# A Basic Extract, Transform and Load (ETL) pipeline using Web Scrapping, Pandas and SQLite

#### Import necessary Libraries

In [None]:
# icecream runs in Python Terminal with icecream installed in environment for complex code debugging
# Uncomment and Run Command Below:
!pip install icecream 
!pip install bs4
!pip install requests
!pip install pandas
!pip install lxml

Collecting icecream
  Downloading icecream-2.1.4-py3-none-any.whl.metadata (1.3 kB)
Collecting executing>=2.1.0 (from icecream)
  Downloading executing-2.1.0-py2.py3-none-any.whl.metadata (8.9 kB)
Downloading icecream-2.1.4-py3-none-any.whl (14 kB)
Downloading executing-2.1.0-py2.py3-none-any.whl (25 kB)
Installing collected packages: executing, icecream
  Attempting uninstall: executing
    Found existing installation: executing 0.8.3
    Uninstalling executing-0.8.3:
      Successfully uninstalled executing-0.8.3
Successfully installed executing-2.1.0 icecream-2.1.4
Collecting bs4
  Downloading bs4-0.0.2-py2.py3-none-any.whl.metadata (411 bytes)
Downloading bs4-0.0.2-py2.py3-none-any.whl (1.2 kB)
Installing collected packages: bs4
Successfully installed bs4-0.0.2


In [None]:
from io import StringIO # Extract
import requests # Extract
from bs4 import BeautifulSoup # Extract
import pandas as pd # Transformation
import sqlite3 # Load Database
from datetime import datetime # For Time of Log
from icecream import ic # We can skip icecream in Jupiter Notebook

#### Step 0: Maintaining a Log File
This step is done to record the logs while performing ETL and it is not neccessary in an ETL Pipeline.

In [None]:
def log_progress(message):
    """This function logs the mentioned message of a given stage of the
    code execution to a log file. Function returns nothing"""

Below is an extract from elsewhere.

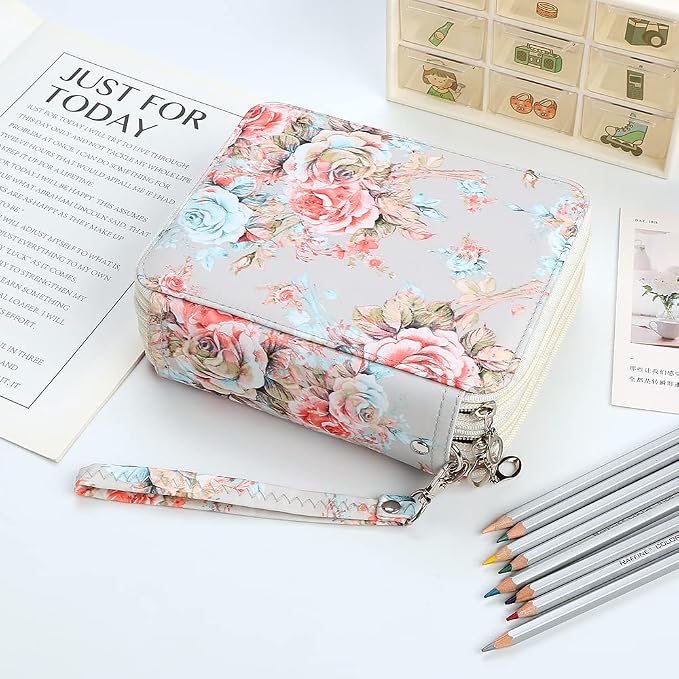 Rose Pencil Organizer - 72 Slot Colored Pencil Case with Zipper for Watercolor Pens, Markers and More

    with open('./logs/code_log.txt', 'a') as f:
        f.write(f'{datetime.now()}: {message}.\n')

#### Step 1: Extract

In [None]:
def extract(url, table_attribs):
    """ This function aims to extract the required
    information from the website and save it to a data frame. The
    function returns the data frame for further processing. """

    soup = requests.get(url).text
    web = BeautifulSoup(soup, 'html.parser')
    table = web.find('span', string=table_attribs).find_next('table')
    df = pd.read_html(StringIO(str(table)))[0]

    log_progress('Step 1: Data extraction complete. Data Extracted Successfully \
from Wikipedia. Initiating Transformation process')

    return df

#### Step 2: Transform

In [None]:
def transform(df, csv_path):
    """ This function accesses the CSV file for exchange rate
    information, and adds three columns to the data frame, each
    containing the transformed version of Market Cap column to
    respective currencies"""

    exchange_rate = pd.read_csv(csv_path, index_col=0).to_dict()['Rate']

    df['MC_GBP_Billion'] = round(df['Market cap (US$ billion)'] * exchange_rate['GBP'], 2)
    df['MC_EUR_Billion'] = round(df['Market cap (US$ billion)'] * exchange_rate['EUR'], 2)
    df['MC_INR_Billion'] = round(df['Market cap (US$ billion)'] * exchange_rate['INR'], 2)

    log_progress('Step 2: Data transformation complete. \
Initiating Loading process')

    return df

#### Step 3: Load

##### Loading data to a CSV

In [None]:
def load_to_csv(df, output_path):
    """ This function saves the final data frame as a CSV file in
    the provided path. Function returns nothing."""

    df.to_csv(output_path)

    log_progress('Step 3.1: Data loaded to CSV file')

##### Loading data to SQL and Function to Run queries on that Database

In [None]:
def load_to_db(df, sql_connection, table_name):
    """ This function saves the final data frame to a database
    table with the provided name. Function returns nothing."""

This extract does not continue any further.